Sweden’s Mylingar make legitimately terrifying music. If the most debilitating nightmares of your most dread-filled childhood nights took physical form, Mylingar would be their voice, retching decay and misery directly into your brain. Theirs is a sound that provide no protection from the horrors slinking broken and hungry through the black of night. No light. No hope. No remote chance of escape. Just excruciating, unrelenting punishment channeled straight from the darkest, most fear-ridden corners of your subconscious. It is, quite honestly, the music your mother warned you about. The stuff that pastors have railed against for decades. It’s the brand of violence that record stores kept buried on the dustiest, most remote shelves. It’s the soundtrack that undergirds late-night news stories about children driven mad by the demonic power of metal music. In short, it’s everything blackened death metal can and should be.
Over their first two releases, these musical misanthropes have carved from flesh and bone their own uniquely bleak niche within the death metal world. Their songs are a swirling, undulating hurricane of discordant and dissonant riffs that crawl and stomp over one another with a level of violent intent that I have yet to find apt comparison to. Displaying very little divergence in style over these releases, Mylingar have instead doubled down on the audio punishment, building on the foundation laid by each previous release to create something equally if not more brutalizing. If the translated titles of these records are any indication (“dead roads” and “dead dreams”, respectively), the band have no intention of relenting from their established pattern of chaos. Their third release, Döda Själar (“dead souls” this time around), confirms this theory by continuing their tradition of musical insanity, delivering another batch of tracks that are as putrid, vile, and utterly insatiable as those that came before.

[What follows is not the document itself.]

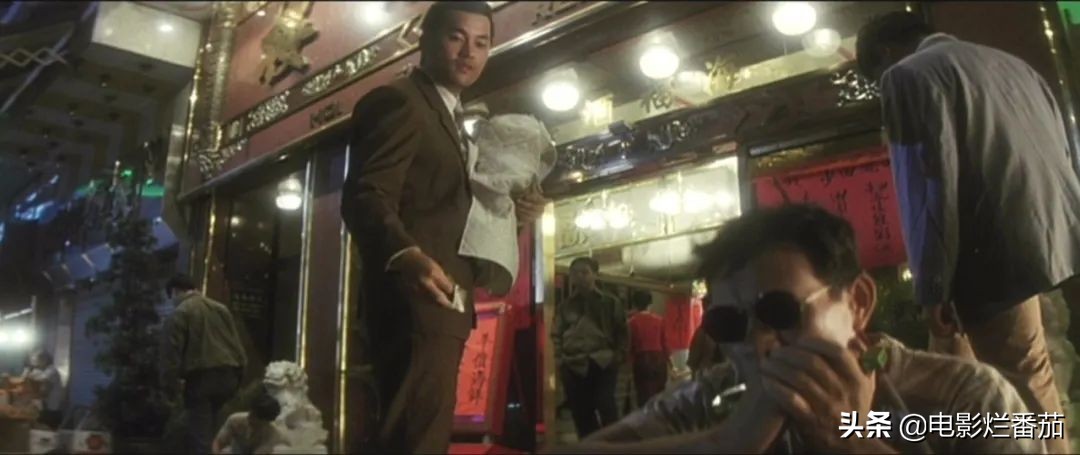 吕良伟跛豪幕后故事,跛豪原型人物吴锡豪照片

For those unfamiliar with Mylingar’s work, it’s difficult to find truly applicable points of reference. Think Portal, but less heady. Or perhaps Ulcerate, but far more aggressive. There are vestiges of the most intense tracks of Anaal Nathrakh’s catalog as well, but mostly bereft of that band’s blatant sense of theatricality. They really are a sound unto themselves, and the band take no time at all reminding us of that fact. Opening track “Obalansen” kicks off the record with an immediate slash of jagged claws to the jugular, presenting absolutely zero build-up toward the inevitable punishment we as listeners are about to receive. It’s an in-your-face statement that brings back from the crypt the band’s signature and utterly filthy guitar tone, which is consistently contested by the band’s rhythm section, which pummels listeners relentlessly throughout.

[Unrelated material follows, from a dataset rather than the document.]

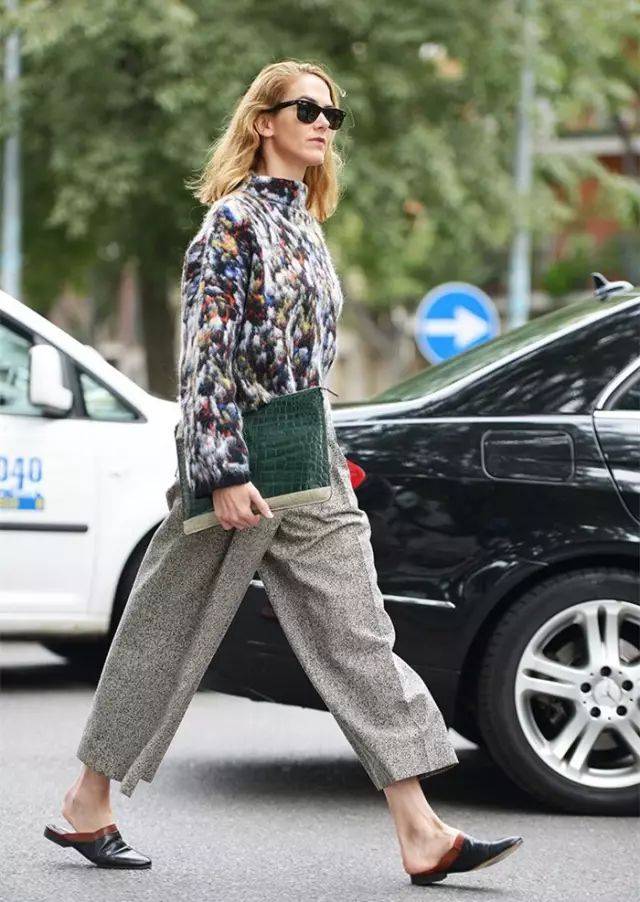 视觉|时尚穿搭 | 9分裤+平底鞋=早秋绝配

Brutality aside, however, what the band present on Döda Själar is far from bland, monotonous chaos. These tracks have solid writing chops behind them, adding flavor and variety to an otherwise (and mostly still) seething caldron of black and death metal sounds. Both of the album’s first two tracks feature doom-laden passages that slow the proceedings down considerably, providing something that feels almost like breathing room before all space is snatched away by another suffocating salvo. There’s also a surprisingly hefty amount of melody buried deep within these tracks, particularly in “Offret”, which features multiple passages that feel as if they contain other songs desperate to burst forth from the maelstrom, only to be snatched just before emerging by the inescapable clutches of the band’s overwhelming penchant for destructive tones. It’s on the whole a tireless exercise in continued suffering, but cannot be faulted for refusing to contain a few spicy bits.

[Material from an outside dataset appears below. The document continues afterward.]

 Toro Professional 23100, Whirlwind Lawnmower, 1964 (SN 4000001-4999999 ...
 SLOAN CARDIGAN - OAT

If any of the above sounds remotely appealing, the remainder of the album delivers much more of that sweet, sweet flagellation. “Mållösheten” thumps to life with all the energy and menace of a funeral march for the undead, while “Giftet” gallops out of the gate with some of the most virulent black metal passages yet displayed in the band’s playbook, allowing the drums to open up into some fun and punk-ish territory. But the whole edifice crumbles under the magnitude of album finale “Förlusten”, which features an opening riff that, beneath the sheer wall of noise, could easily be found on an Immortal record, grounding the track in a way that few of Mylingar’s other compositions have. As the track continues, however, things just keep getting more bleak and aggressive, leading to a madness-inducing crescendo filled with enough harsh noise to make Gnaw Their Tongues wince. It’s a brutal, cathartic close to an album that intends nothing but harm.
As a music writer who revels in all things extreme, I’ve encountered more than a few aggressive records in my day. That said, I can safely and definitively state that Döda Själar is one of the single most sonically violent, performatively chaotic, and utterly oppressive records I have ever heard. Mylingar have tapped into something exceedingly dark with their third release, and fans of their earlier material should rejoice in the knowledge that the band have lost absolutely none of their edge. Whether you find Mylingar’s exceedingly intense interpretation of blackened death metal appealing or not, it would be nearly impossible not to admire the singularity of their vision and its execution. Döda Själar will most certainly be counted among my favorite records of 2019, and I can confidently assume that I won’t be alone in that opinion. Absolutely punishing.
Döda Själar drops August 2nd on 20 Buck Spin, and is available for pre-order on the band’s Bandcamp page.